● RECORD SET
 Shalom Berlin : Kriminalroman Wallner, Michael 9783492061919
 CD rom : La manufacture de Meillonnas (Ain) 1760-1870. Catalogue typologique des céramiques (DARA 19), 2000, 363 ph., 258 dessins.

---

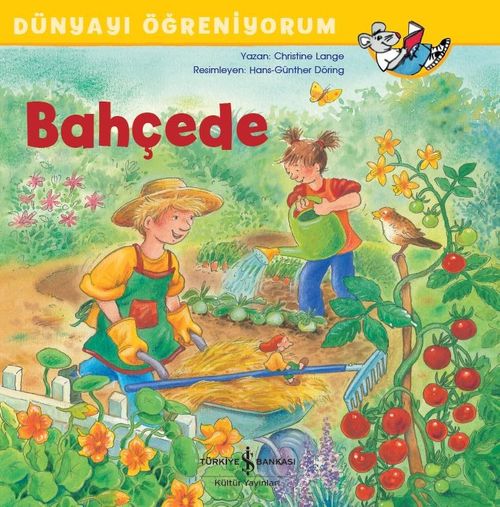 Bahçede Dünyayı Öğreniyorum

--

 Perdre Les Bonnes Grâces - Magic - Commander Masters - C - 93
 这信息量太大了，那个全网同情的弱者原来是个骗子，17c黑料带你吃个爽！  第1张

● EXERCISE PROMPT
Return exactly the lines above from the line that has "Shalom Berlin : Kriminalroman" through the line that has "CD rom : La", inclusive, and nothing else.

● ANSWER FOR THIS EXERCISE
 Shalom Berlin : Kriminalroman Wallner, Michael 9783492061919
 CD rom : La manufacture de Meillonnas (Ain) 1760-1870. Catalogue typologique des céramiques (DARA 19), 2000, 363 ph., 258 dessins.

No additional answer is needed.